O diretor da Aneel, Rodrigo Limp, afirmou que as reclamações que vem sendo apresentadas estão “no radar da agência”. Segundo ele, a autarquia tem atuado por meio de processos de fiscalização e também no tratamento das reclamações. “É um ponto importante que temos que avançar”, disse, em evento sobre geração distribuída realizado semana passada, referindo-se à intenção de avançar na norma relacionada a esta questão específica, o que deve ser feito após uma revisão mais abrangente da norma que rege atualmente a geração distribuída.

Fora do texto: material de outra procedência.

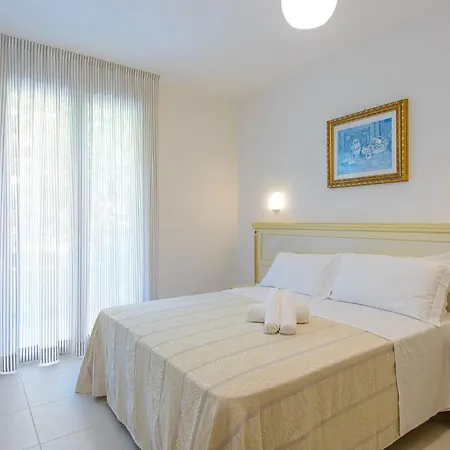 Indipendente Con Giardino, Balcone Vista Mare * Rimini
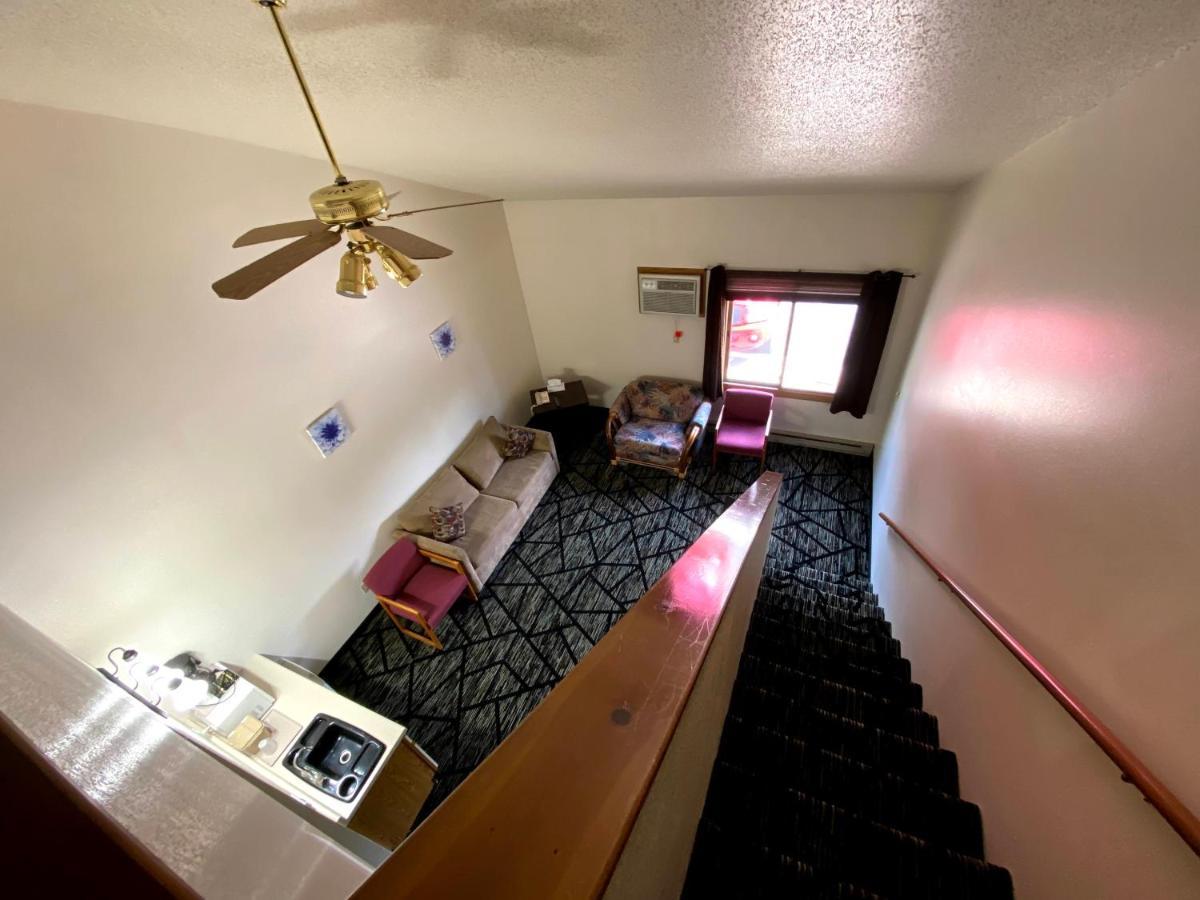 Woodland Inn & Suites Medford Ngoại thất bức ảnh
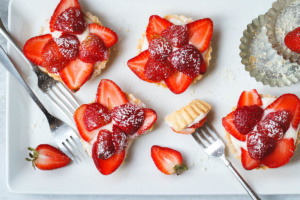 Strawberry Cheesecake Cups - So easy and delicious! One of our favorite Spring desserts!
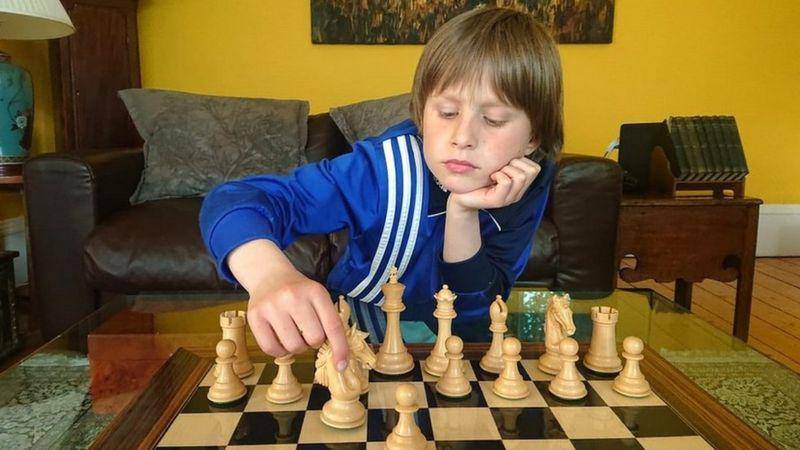 El niño de 10 años que derrotó a un gran maestro de ajedrez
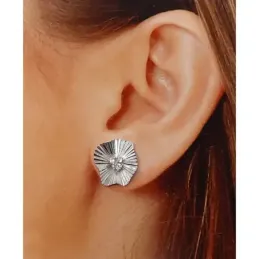 Pendientes plata Ley 925m terminación rodio 16mm. tallados brillo centro circonitas cierre presión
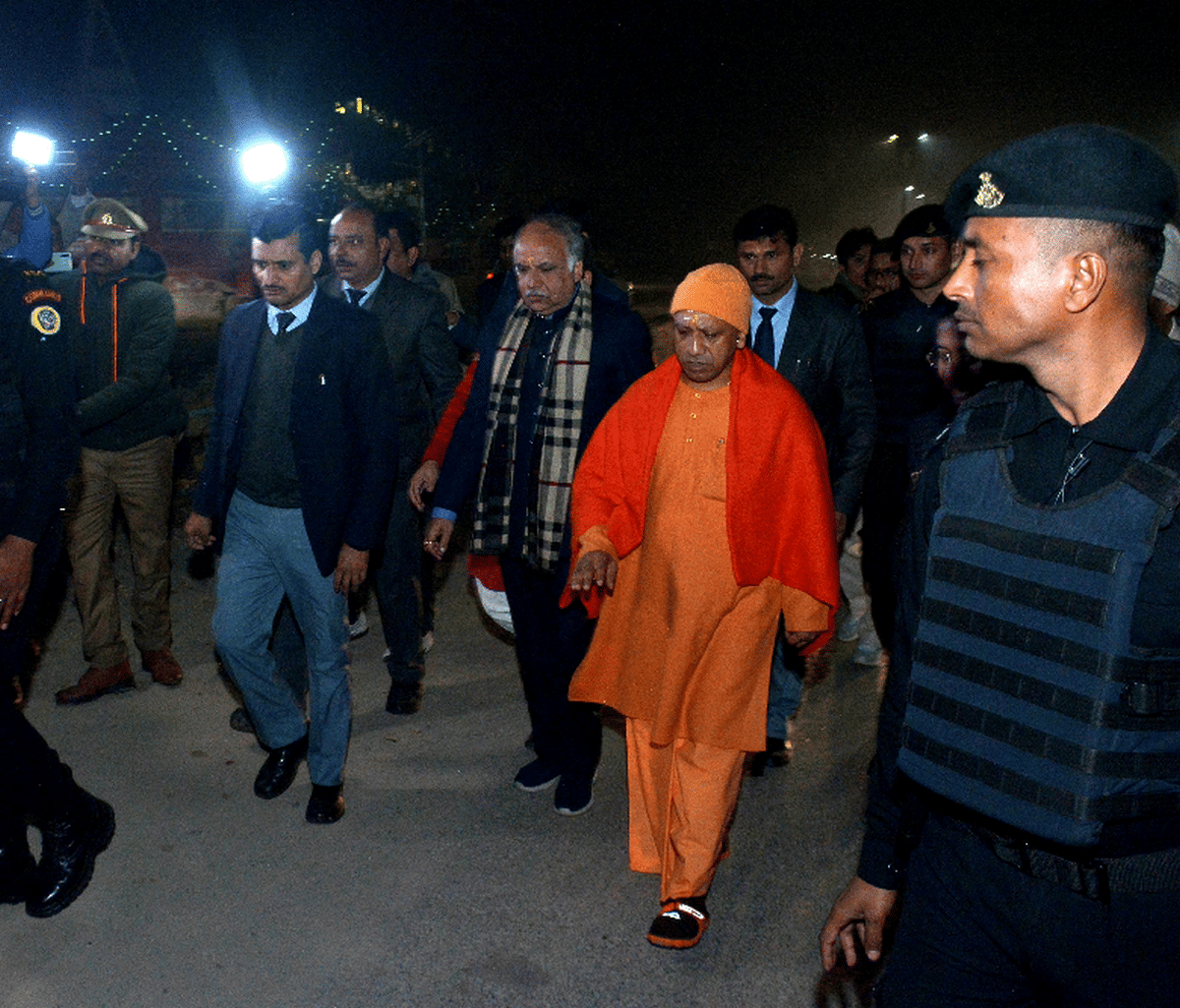 CM yogi Strict instructions start construction work of Kashi Vishwanath Dham in time varanasi
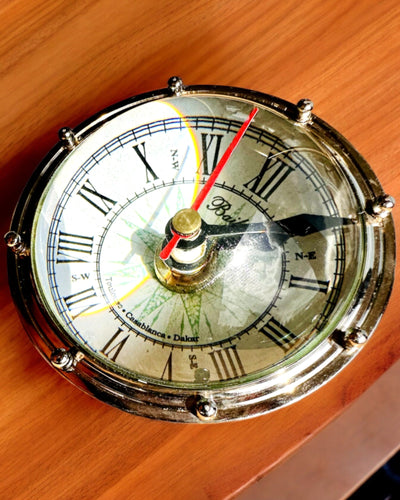 Bailey Compass Clock - Tyylikäs kompassiaiheinen kello kaiverrusmahdollisuudella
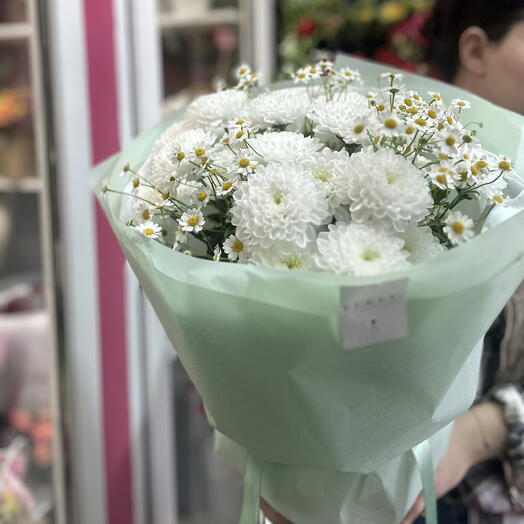 Букет с ромашками и хризантемой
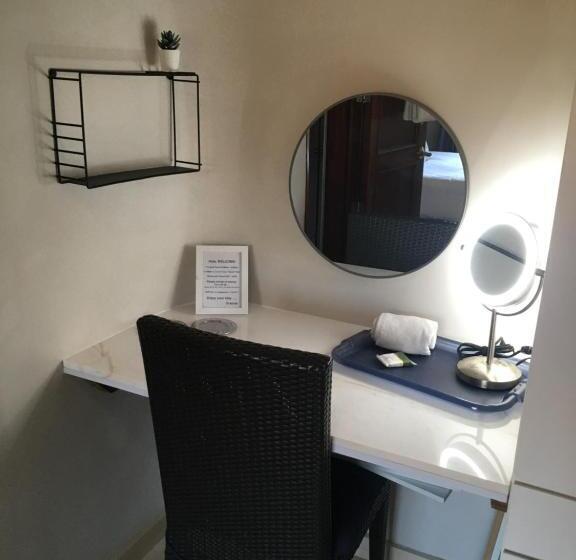 エコノミールーム, Los Tules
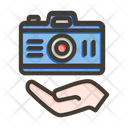 پیش‌نمایش فایل hand-camera-9886698 از پک اقامتگاه اسکی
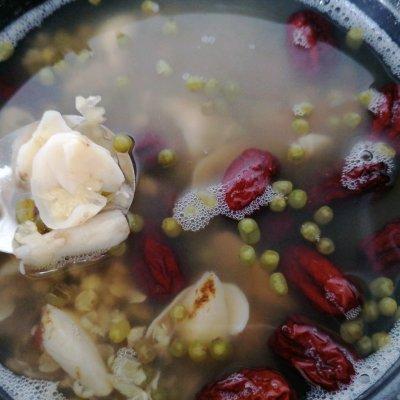绿豆汤怎么做好吃家常做法(适合全家的红枣绿豆汤，老人小孩都爱吃)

O diretor da Associação Brasileira de Distribuidoras de Energia Elétrica (Abradee), Marco Delgado, argumentou que o crescimento das reclamações está em linha com a expansão do segmento de geração distribuída. De acordo com dados da Aneel, de janeiro até agora, foram conectados à rede 51.882 sistemas, acima dos 35 342 de todo ano passado. “Como o segmento de geração distribuída está crescendo muito, quando se converte porcentualmente essas reclamações, o número é baixo”, disse.
O dirigente admitiu a existência de problemas, que classificou como pontuais. Segundo ele, parte significativa das queixas está relacionada à aceleração do ritmo de crescimento do segmento, que exigiu das distribuidoras o desenvolvimento de sistemas e a capacitação de equipes para atender a demanda. “São problemas transitórios, está sob controle. À medida que as soluções e sistemas de automatização vão sendo implementados, reduzem-se os gargalos”, comentou. Ele destacou, no entanto, que alguns problemas relacionados à demora nos processos também estão do lado do demandante, especialmente por conta de falhas na apresentação da requisição.

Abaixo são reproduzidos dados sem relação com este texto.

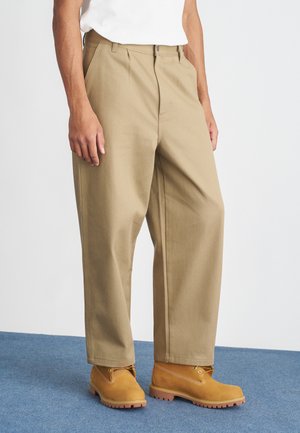 HOLDEN PANT WATERTOWN - Kalhoty - camel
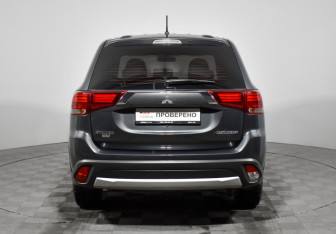 Подержанный автомобиль Mitsubishi Outlander 2016 года (6 фото)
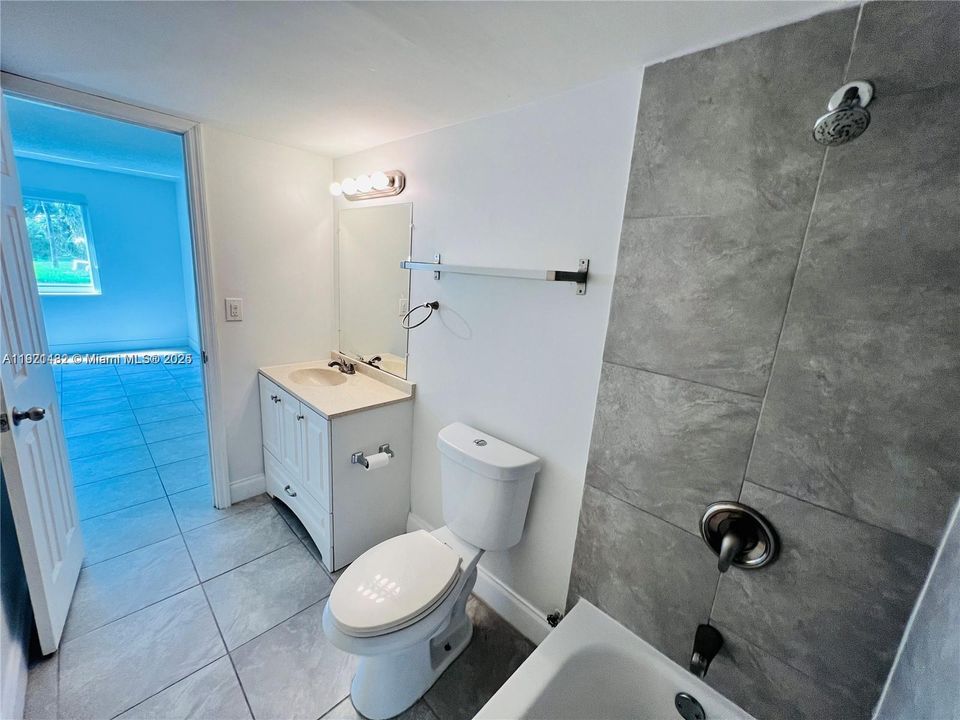 For Rent: $1,850 (1 beds, 1 baths, 777 Square Feet)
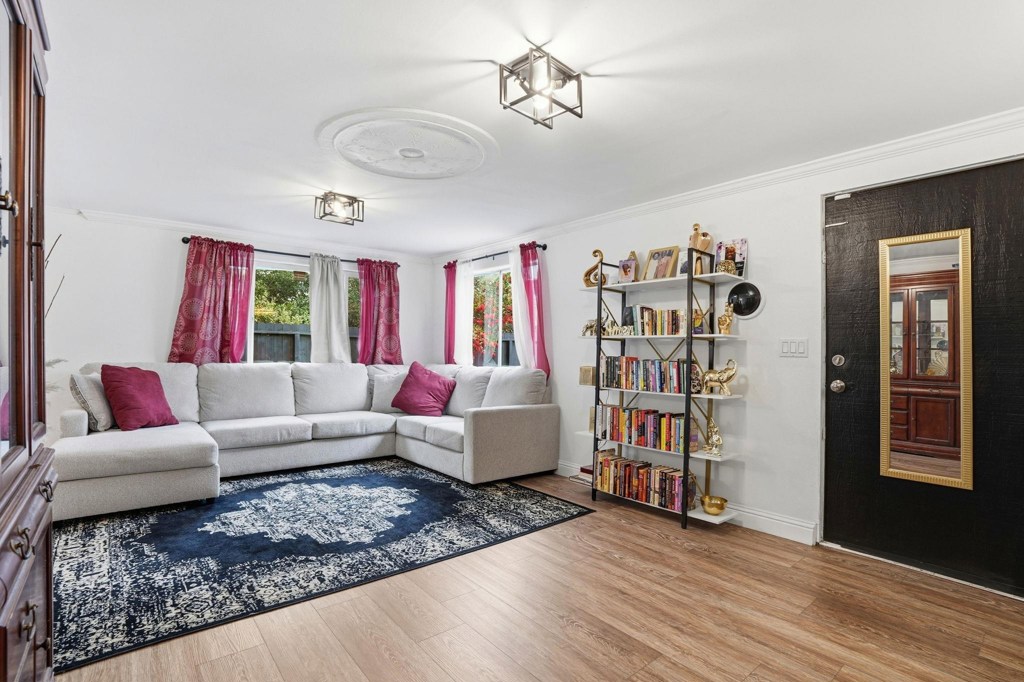 Manufactured In Park for sale at 142 ann ct, Vallejo CA featuring 2 beds and 2 baths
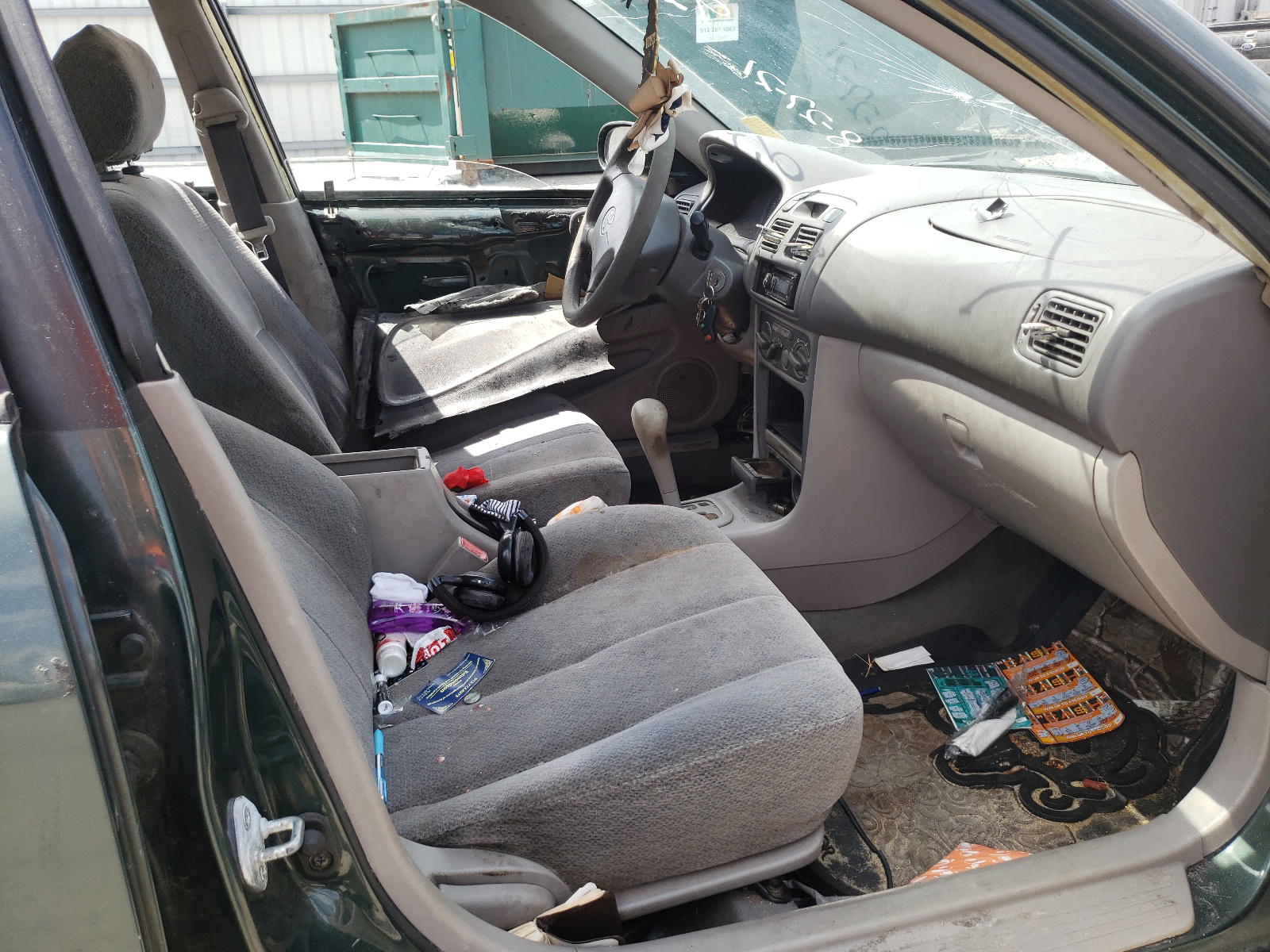 Photo 5 from auction – 2001 TOYOTA COROLLA CE with VIN 1NXBR12E41Z489294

Segundo Delgado, os problemas mais graves estariam em pedidos de conexão de miniusinas de carga perto do limite estabelecido a serem instaladas em áreas de perfil de carga mais baixo, o que demandaria obras de reforço em redes além das que foram planejadas inicialmente pelas distribuidoras.
Revisão das normas
As reclamações sobre o atendimento das distribuidoras são apenas uma faceta de um debate acalorado sobre a geração distribuída que se observa no setor elétrico. A Aneel abriu no ano passado uma consulta pública sobre uma revisão da Resolução 482, que trata da GD. Espera-se para outubro a abertura de uma audiência pública com uma minuta contendo as mudanças a serem efetivamente propostas, o que pode mexer com a rentabilidade dos projetos.
Hoje, quem utiliza sistemas de geração distribuída tem como benefício um desconto no uso da rede, que é paga por consumidores de todo Sistema Elétrico Nacional. A ideia é que seja estabelecida uma cobrança relacionada ao uso da rede pelo consumidor, dado o crescimento do número de sistemas instalados, sua viabilidade econômica crescente por conta do barateamento da tecnologia e do aumento da competição, e impacto para os demais consumidores.

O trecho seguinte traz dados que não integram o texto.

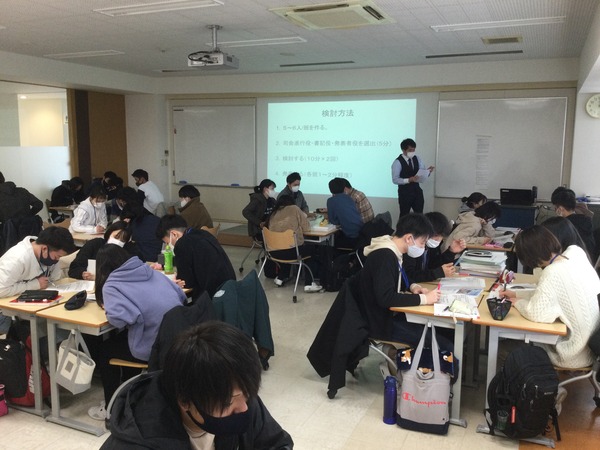 E3FAF680-8B30-44EE-8B0E-0479C77525C3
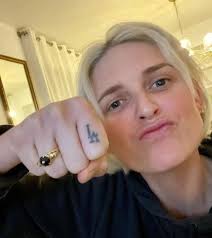 Emily Armstrong Official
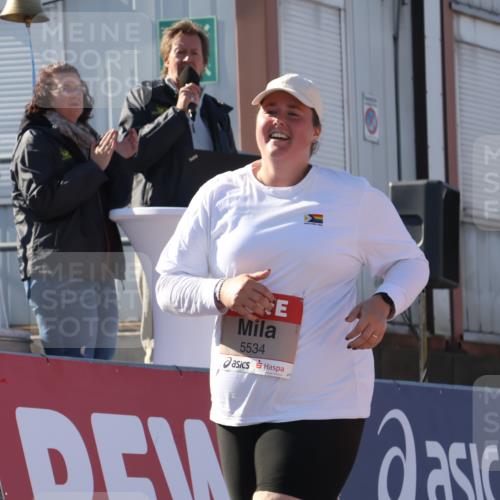 03.10.2025 - Köhlbrandbrückenlauf Luisa Fischer http://msf.ph/oto/9046198 03.10.2025 13:47:29 Ziel 8787, 5534 meine-sportfotos.de
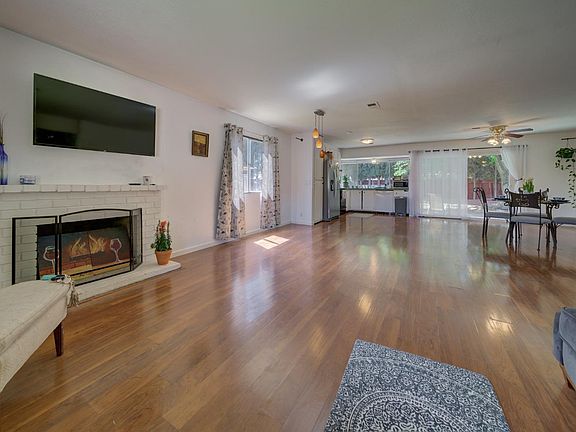 4th image of 1153 Verdin Ct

Em meio a toda a discussão, defensores da geração distribuída chegaram a lançar uma campanha nas mídias sociais com a hashtag “#taxaroSolnao”, tentando combater os argumentos da Aneel, da Abradee e da Empresa de Pesquisa Energética (EPE), órgão governamental responsável pelo planejamento do setor elétrico. Estas entidades foram a público denunciar que a campanha “faz uso de fake news”.